The fame of Turkish delight; one of the most important inventions of Turkish confectionery, has extended out to the world. From the moment it was invented, foreigners viewed it as an exotic sweetmeat from the Orient. It was regarded as a big secret, as they did not know what it was made out of. Turkish delight was referred as “rahatü’l-hulkum” (the thing that passes through the throat easily) due to its nature and its ability to soothe the throat. Then the name has been modified to “rahat lokum”, “latilokum” then finally to “lokum” which remains as its name until today. It happened to be an English tourist that christened “lokum” as Turkish Delight. The foreign travelers who visited Istanbul started purchasing boxes and boxes Turkish Delight to take back to their countries. Soon after export of Turkish delight started to Europe. Despite its popularity, the foreign visitors were quite unsure about the ingredients of lokum as well as the cooking method used. So it remained a big mystery for quite some time. The biggest reason for that was the main ingredient, wheat starch was not considered as a food item in Europe at the time. Therefore nobody imagined the chewy and transparent texture was caused by starch. It was thought to have a complex list of ingredients, whereas the list is quite simple; water, wheat starch, sugar and the flavoring of choice (eg. Pistachio, hazelnut, rose, mastic etc.)

Although the ingredient list is so simple, the making of lokum requires real expertise as timing is everything when cooking. The water, starch, and sugar are boiled for about 2 hours until it forms the desired consistency while being stirred constantly in the same direction. Then the flavoring is added and this mixture is poured into special wooden trays dusted with a mixture of starch and powdered sugar then left to set for a day or so. The dried sheet of lokum is transferred onto a work surface, cut into small cubes and dusted more with a mixture of starch and powdered sugar, and becomes ready for consumption. 

Lokum that is made using traditional method has a melt-in-your-mouth characteristic and is an excellent accompaniment to Turkish coffee.

Here is a Turkish Delight recipe...

2 lbs.

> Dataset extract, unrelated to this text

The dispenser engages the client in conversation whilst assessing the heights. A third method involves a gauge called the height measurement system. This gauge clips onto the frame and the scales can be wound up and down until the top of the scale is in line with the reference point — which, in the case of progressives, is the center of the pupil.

White sugar
3.5 oz. Wheat starch
4 cups Water
5.3 oz. Pistachios, shelled
Powdered sugar, as needed
Wooden tray, 60cm x 40 cm x 5 cm wide
Heat-resistant spatula
Large, heavy duty knife, preferably with a rounded tip

Pour some powdered sugar into the bottom of the wooden tray and smear until the bottom and the sides are completely covered with a very thin layer of powdered sugar.

Combine water, wheat starch, and sugar in a large pot. Place the pot over medium heat and start stirring constantly until the mixture thickens and becomes toffee consistency.

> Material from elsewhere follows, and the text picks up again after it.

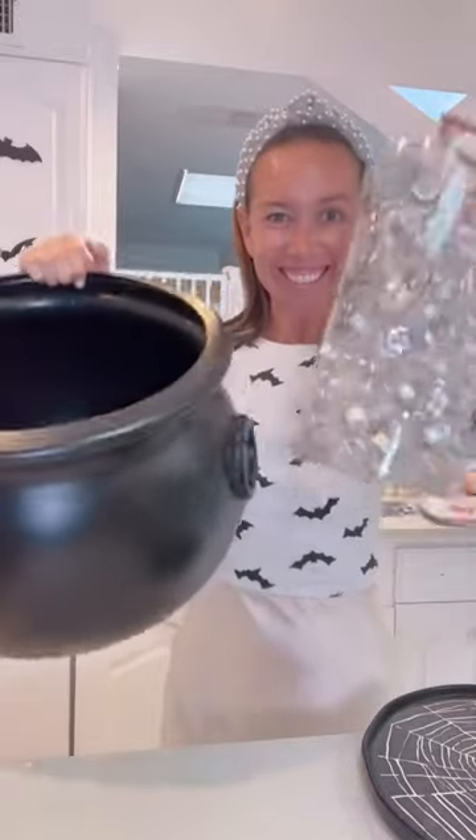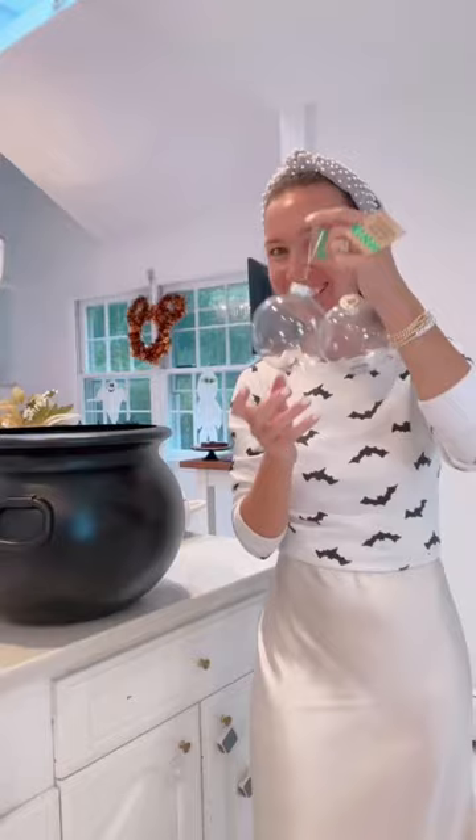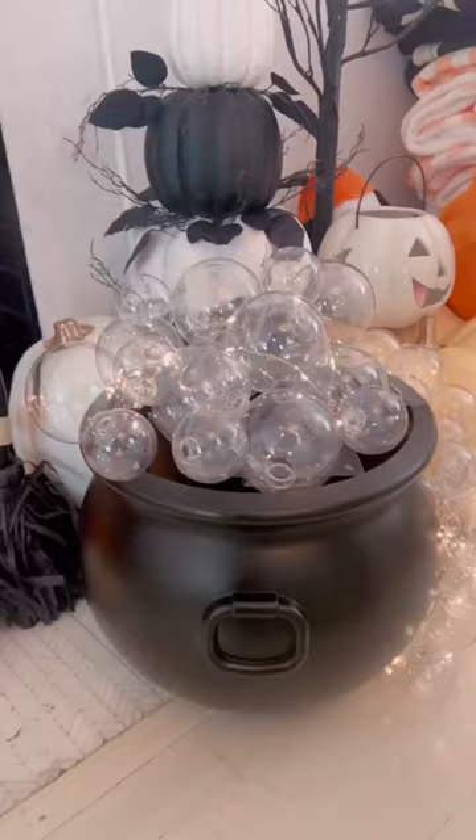We're making a spooky Halloween cauldron. This is an easy DIY and looks so cute. Put a cardboard box in your cauldron, then use hot glue to glue clear Christmas ornaments on the box and around the cauldron. Add some fairy lights. This looks so great in your house or on your front door for Halloween lit up. Follow me for more.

Add the pistachios and stir for a few more minutes. Then pour the contents of the pot into the wooden tray. Let it cool for at least 2 hours.

Once the Turkish delight is hardened, pour some more powdered sugar on top and take out from the wooden tray. Place on a large cutting board. First, cut 2cm wide strips. Then Cut each strip into 2 cm wide cubes until the whole batch is cut. Dust some more powdered sugar, until all sides are coated.

To store: You can store Turkish delight in an airtight plastic container, for up to 2 months in a cool and dry place.